From: Kaalu Singh <kaalusingh1234@gmail.com>;
To: <user@hadoop.apache.org>; Dhaval Shah <prince_mithibai@yahoo.co.in>;
Subject: Re: Question about Flume
Sent: Wed, Jan 22, 2014 11:20:52 PM

The closest built-in functionality to the use case I have is the "Spooling Directory Source" and I like the idea of using/building software with higher level languages like Java for reasons of extensibility etc (and don't like the idea of scripts).

However, I am soliciting opinions and can be swayed to change my mind.

Thanks for your response Dhaval - appreciate it.

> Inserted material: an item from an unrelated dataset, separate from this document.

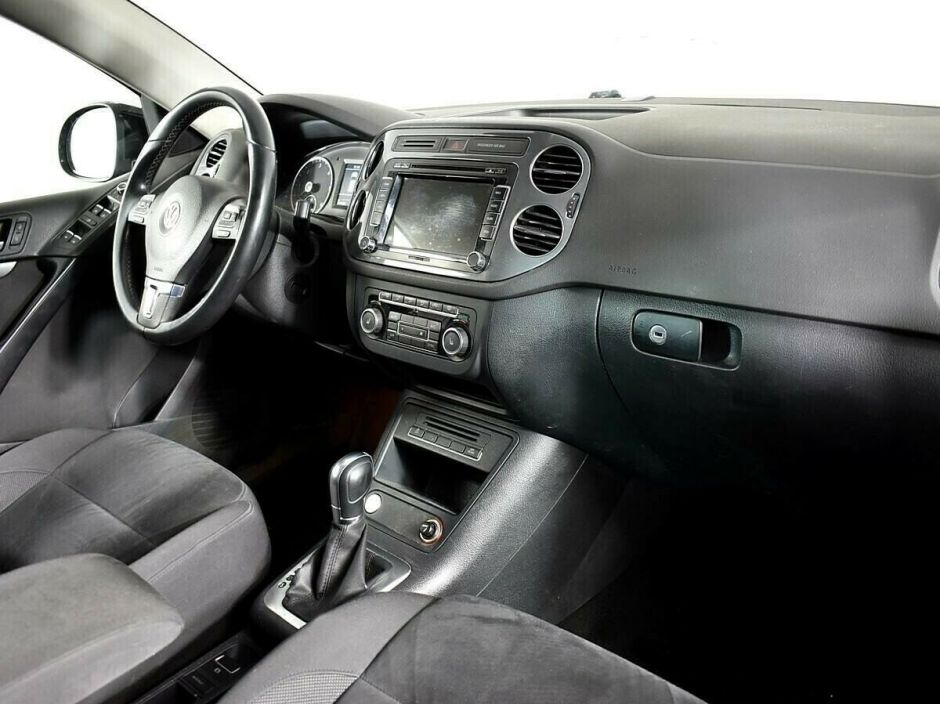 Volkswagen Tiguan 2.0 АКПП, 2013, 125 000 км фото 5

On Wed, Jan 22, 2014 at 2:58 PM, Dhaval Shah <prince_mithibai@yahoo.co.in> wrote:
Flume is useful for online log aggregation in a streaming format. Your use case seems more like a batch format where you just need to grab the file and put it in HDFS at regular intervals which can be much more easily  achieved by a bash script running on a cron'd basis. 



From: Kaalu Singh <kaalusingh1234@gmail.com>
To: user@hadoop.apache.org
Sent: Wednesday, 22 January 2014 5:52 PM
Subject: Question about Flume


I have the following use case:

I have data files getting generated frequently on a certain machine, X. The only way I can bring them into my Hadoop cluster  is by SFTPing at certain intervals of time and getting them and landing them in HDFS. 

I am new to Hadoop and to Flume. I read up about Flume and it seems like this framework is appropriate for something like this although I did not see an available 'source' that can do exactly what I am looking for. Unavailability of a 'source' plugin is not a deal breaker for me as I can write one but first I want to make sure this is the right way to go. So, my questions are:

1. What are the pros/cons of using Flume for this use case?
2. Does anybody know of a source plugin that does what I am looking for?
3. Does anybody think I should not use Flume and instead write my own application to achieve this use case?